Systemic Failures in High-Performance Trading


by Barry Thompson

Systemic Bridge FailureMission-critical, high-performance trading infrastructures remain extremely vulnerable to constituent failures, while burgeoning complexity and increasing system co-dependencies exacerbate risk and time-to-resolution. Today’s competitive environment leaves little room for operational mishaps, yet the foundation of the trading business – technology – is more susceptible than ever to failure.  This blog entry examines key technology hazards and a subsequent entry explains how to proactively mitigate danger without negatively impacting the performance equation.

 
The Sky is Falling

Recently, a major financial services institution specializing in mutual funds suffered a 48-hour outage in a critical business unit resulting in over $20 million in losses and numerous litigation issues.  The cause was the inability of algorithmic trading servers to effectively process market data, forcing the data producers to continually rebroadcast information and bring the underlying network down.

Another leading international financial firm recently saw its large New York City trading floor experience numerous outages that resulted in a suspended order flow of $90 billion and losses of $3 million per hour.   Data volumes wreaking havoc in the middle office and back office triggered network and system outages that brought down the front office.

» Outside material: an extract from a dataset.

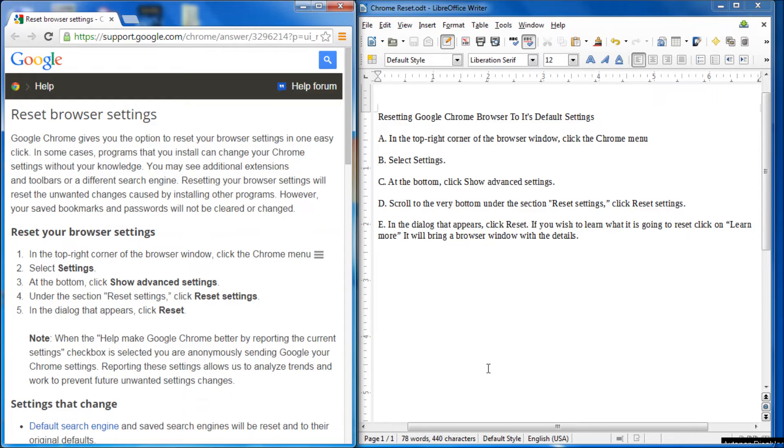Okay. So that's how you reset the Google Chrome browser to its default settings.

The trading world continues to evolve as firms adjust their trading strategies to profitably exploit market opportunities before their competitors.  But neither of these variables – trading strategies nor market opportunities – is discrete, autonomous or effectively measurable in real-time.  Instead, they are part of an ecosystem of complex systems with sophisticated inter- and intra-dependencies.    In addition to diverse algorithmic trading strategies, firms must also manage trade structure, order routing and execution costs across diverse asset classes, markets and liquidity venues.  All of this will run on diverse IT infrastructures with diverse Service Level Agreements (if any) and have disparate controls and authority.  It’s critical in high-performance trading environments that all the components in the value chain are understood and their inherent interdependencies and risks are quantified.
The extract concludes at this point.